### Source data
::::::::::

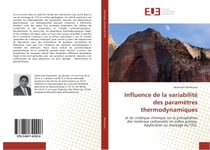 Influence de la variabilite des parametrès thermodynamiques : Et de cinetique chimique sur la precipitation des mineraux carbonates en milieu poreux
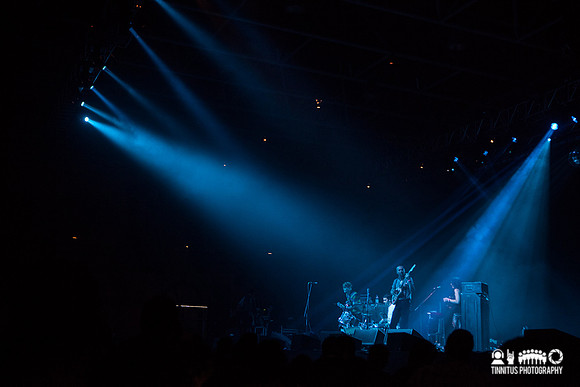 Thee Oh Sees in concert at ATP's I'll Be Your Mirror festival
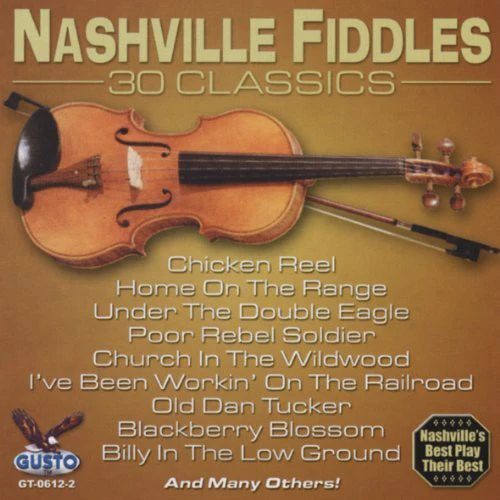 Nashville Fiddles - 30 Classics [CD]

::::::::::

### Exercise objective
Produce the full material again verbatim, with the pictures dropped.

### Task result
 Influence de la variabilite des parametrès thermodynamiques : Et de cinetique chimique sur la precipitation des mineraux carbonates en milieu poreux
 Thee Oh Sees in concert at ATP's I'll Be Your Mirror festival
 Nashville Fiddles - 30 Classics [CD]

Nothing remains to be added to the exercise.